Le «ralentissement de la circulation des travailleurs de l’industrie agricole et alimentaire» bloque de nombreuses agricultures occidentales. Avec la fermeture des frontières due au coronavirus, elles se découvrent toutes en même temps dépendantes de main d’oeuvre venue d’ailleurs: latino-américains aux Etats-Unis, Maghrébins pour récolter les fraises en Espagne, backpackers européens en Australie, travailleurs agricoles d’Europe de l’Est dans les champs d’asperges en Allemagne...

Autre maillon suscitant l’inquiétude, les «retards aux frontières pour les containers» de marchandises, qui entraînent un «gâchis de produits périssables et une hausse du gaspillage alimentaire».

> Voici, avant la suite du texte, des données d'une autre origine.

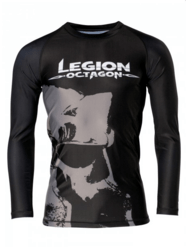 Legion Octagon Rash Guard Långärmad
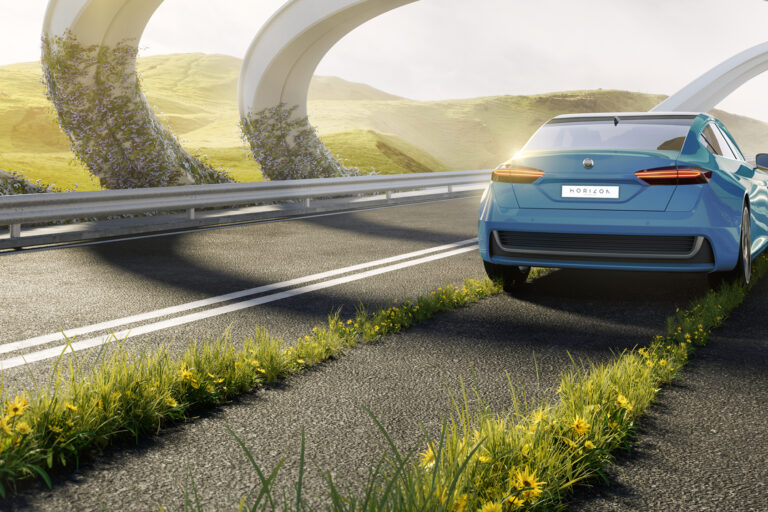 Auto elettrica noleggio a lungo termine Horizon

Au plus fort de la crise du coronavirus en Chine, des bateaux chargés de containers de lait en poudre venant d’Europe n’ont même pas pu être déchargés par manque de main d’oeuvre dans les ports, par exemple.

Par ailleurs, alors que des salariés de l’emblématique magasin bio américain Whole Foods, propriété d’Amazon, se mettent en grève pour leur santé face au coronavirus, les trois organisations internationales s’inquiètent aussi du besoin de «protection» du personnel de la production alimentaire ou de la distribution.

Leur souci est aussi bien de «minimiser la propagation du virus» dans ce secteur que de «maintenir les chaînes d’approvisionnement alimentaire». Par temps de pandémie, l’alimentation est devenue prioritaire pour des centaines de millions de personnes confinées dans le monde.

«Lorsqu’il est question de protéger la santé et le bien-être de leurs concitoyens, les pays doivent s’assurer que l’ensemble des mesures commerciales ne perturbe pas la chaîne de l’approvisionnement alimentaire», résument les chefs de la FAO, de l’OMS et de l’OMC.

«C’est dans des périodes comme celles-ci que la coopération internationale est essentielle», soulignent-ils.

«Nous devons nous assurer que notre réponse face à la pandémie de Covid-19 ne crée pas, de manière involontaire, des pénuries injustifiées de produits essentiels et exacerbe la faim et la malnutrition», concluent-ils.

«Nous ne sommes qu’au début de cette crise», juge l’économiste Abby Abassian, selon lequel il ne s’agit pas d’une crise de production, mais surtout d’une crise de transport et de logistique.

Selon lui, la situation en Inde va être déterminante pour la suite. «Les récoltes commencent dans quelques semaines, la fluidité des marchandises doit être assurée» dit-il.